Thank you Professor Johan for the guidance and correction. I am really obliged to you for taking the time out to correct our problem but is there a way to recognize the problem from yalmip error that this may be the cause of the problem.

[Johan Löfberg]

no, at the moment there is no check for this

[Muhammad Ali Murtaza]

Thank you Professor Johan.

Also the technique you mentioned above( declaring an additional variable and then using replace command before passing it to solvesos) always address this problem or is specific to this problem.

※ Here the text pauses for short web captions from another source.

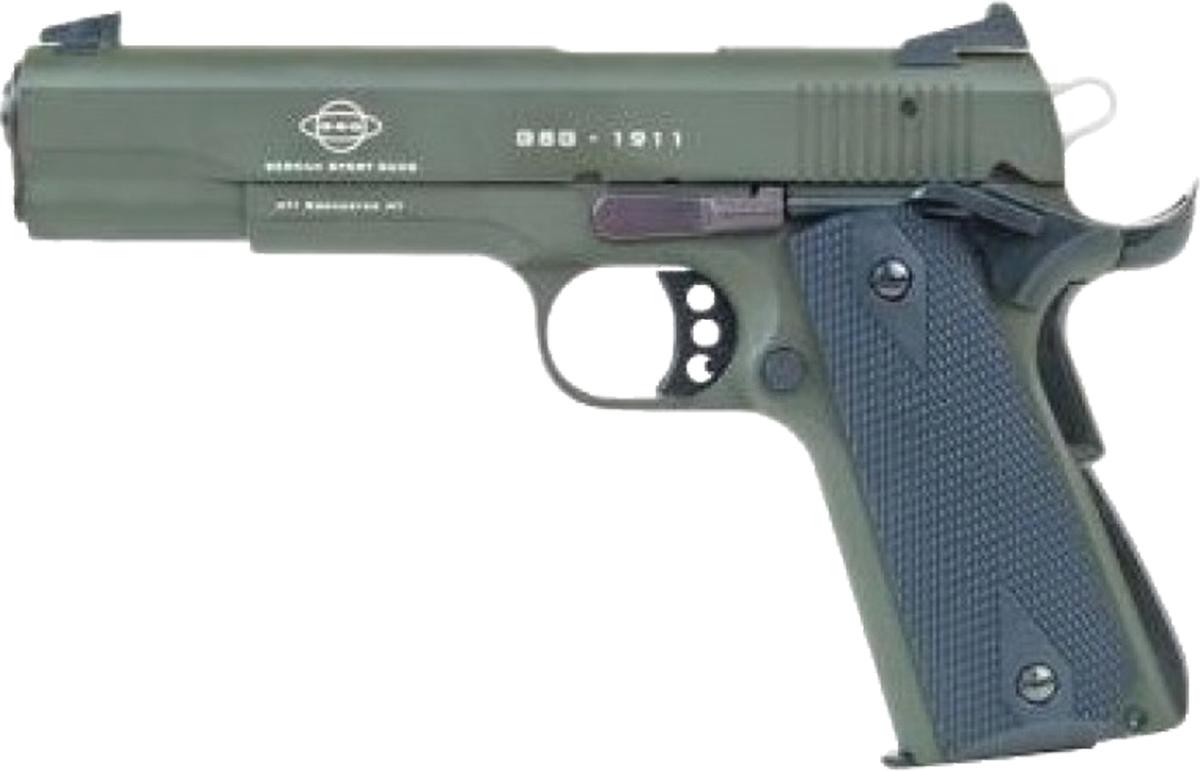 ATI GSG M1911 HGA .22LR 5" BL WOOD GRIP 10RD OD GREEN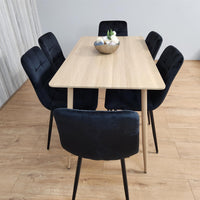 Dining Table Set with 6 Chairs Dining Room, and Kitchen table set of 6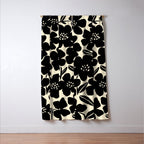Black & White Blossom Window Curtain Gallery Image 3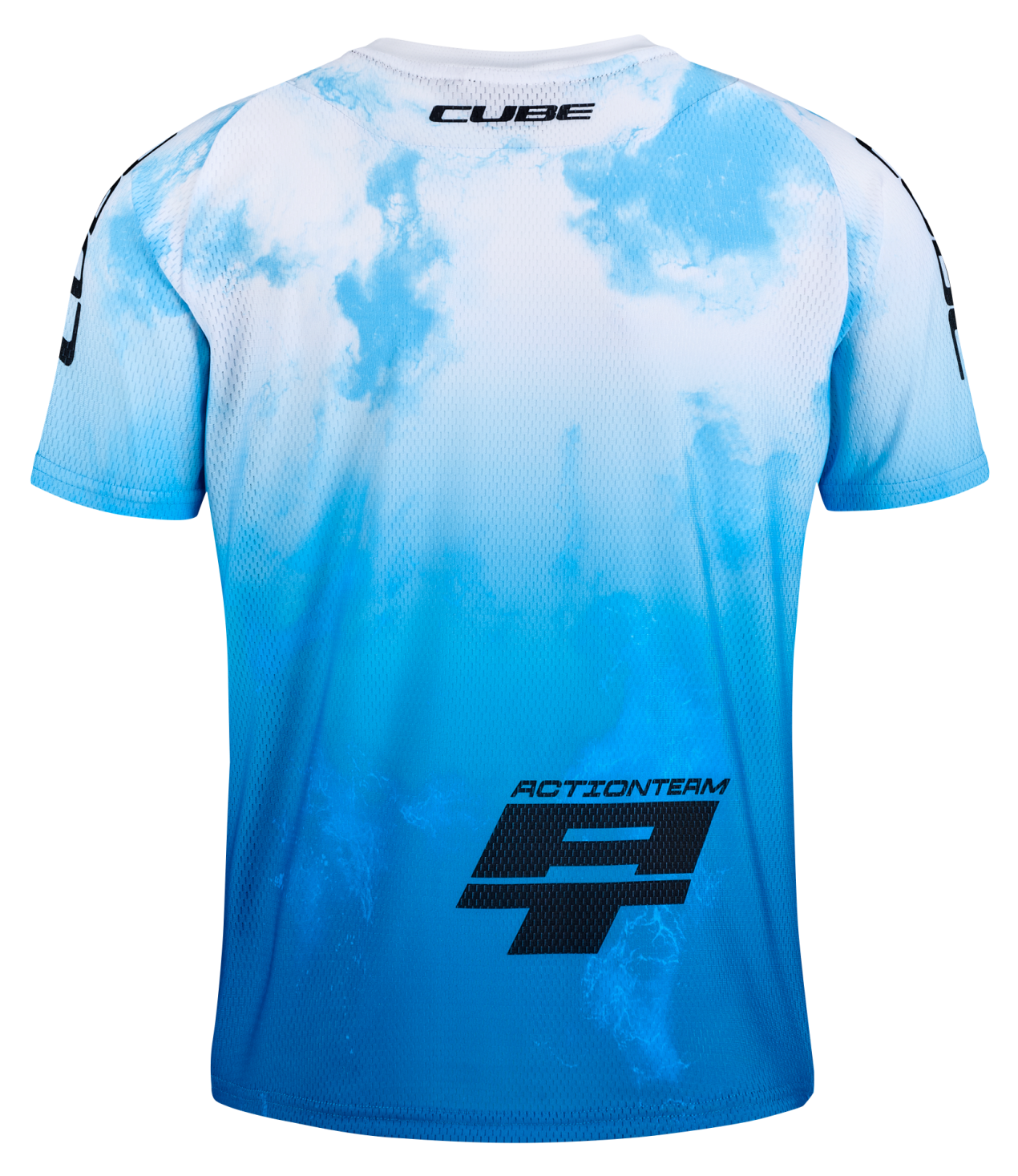 CUBE MTB Trikot ROOKIE X Actionteam kurzarm topas blue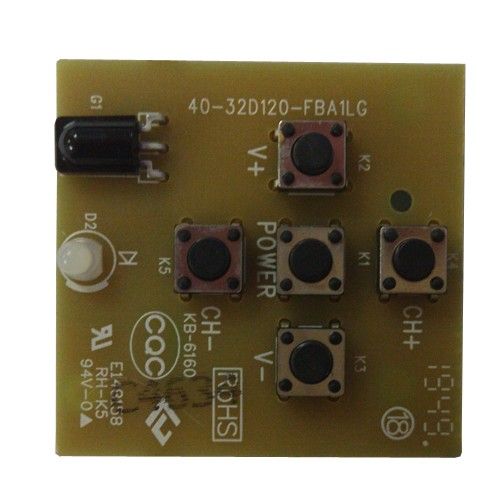 Módulo IR/Botonera 40-32D120-FBA1LG, TCL 32DD420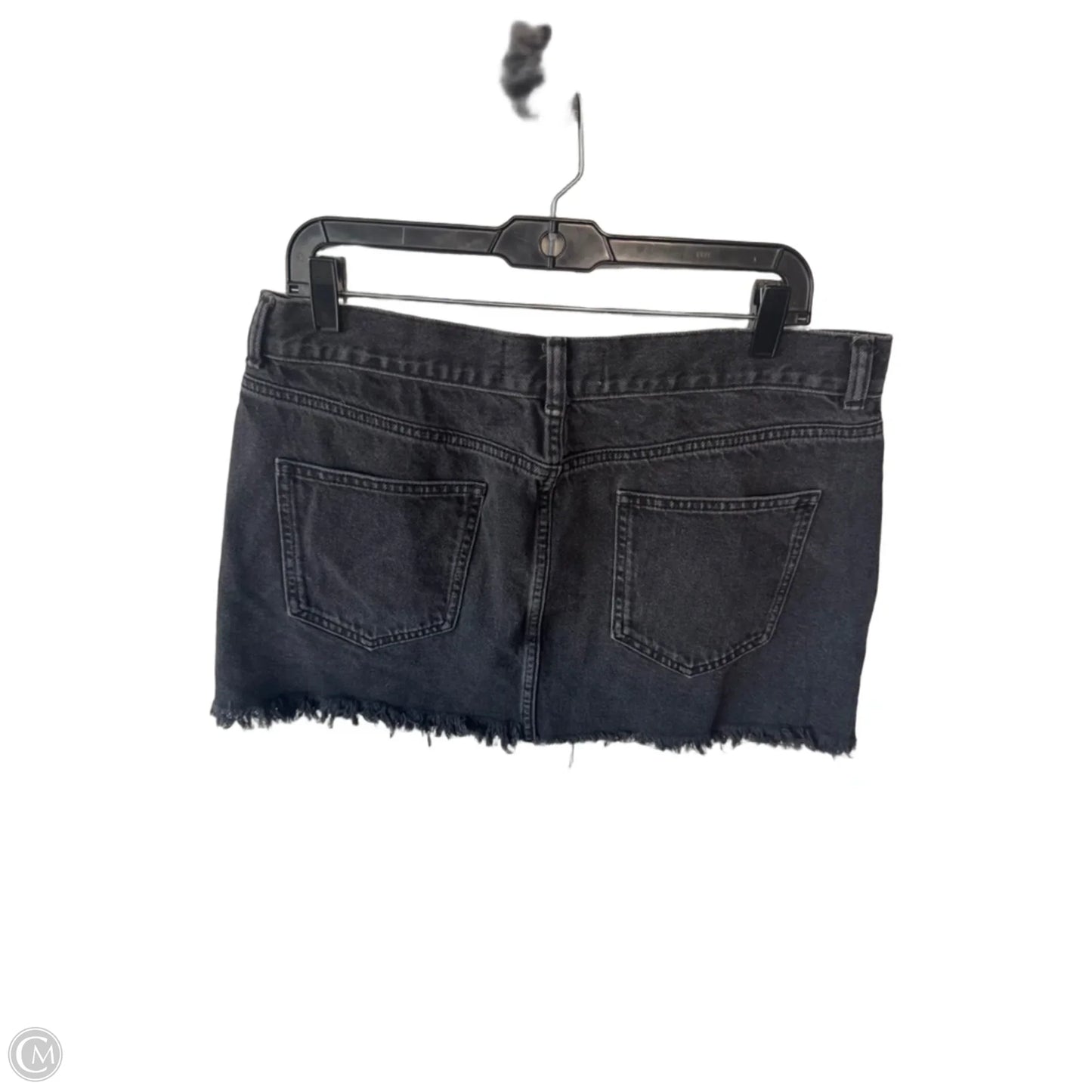 Skirt Mini & Short By Asos In Black Denim, Size: 10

Finally one last question if we are using solvesos and we have few sdpvar declared but we want to fix some of the sdpvar variable and wan wantt to do optimization with rest of variables only. Mentioning only in decision variable of solvesos address that problem?  

I do have an sdpvar in my objective but I want to treat it as constant so if I dont specify it as my decision variable, will yalmip consider it as constant?

[Johan Löfberg]

It's specific to this problem.

The problem is that if you create something like g = y/f(x) where f(x) sin't a monomial, YALMIP will internally introduce a new variable z, return y/z and internally add a constraint [z == f(x)] to normalize the denominator. When you then create something by multiplying g with f(x)  to get rid of the numerator, the result will be g*f(x)  = (y/z)*f(x), i.e., the term is not eliminated, and the expression is impossibly a sos.

If you want a variable to be a constant, why even declare it as a decision variable? But sure, if you add x == thisvalue, it will automatically be detected as a parameter

[Muhammad Ali Murtaza]

Thank you Professor Johan for the detailed reply.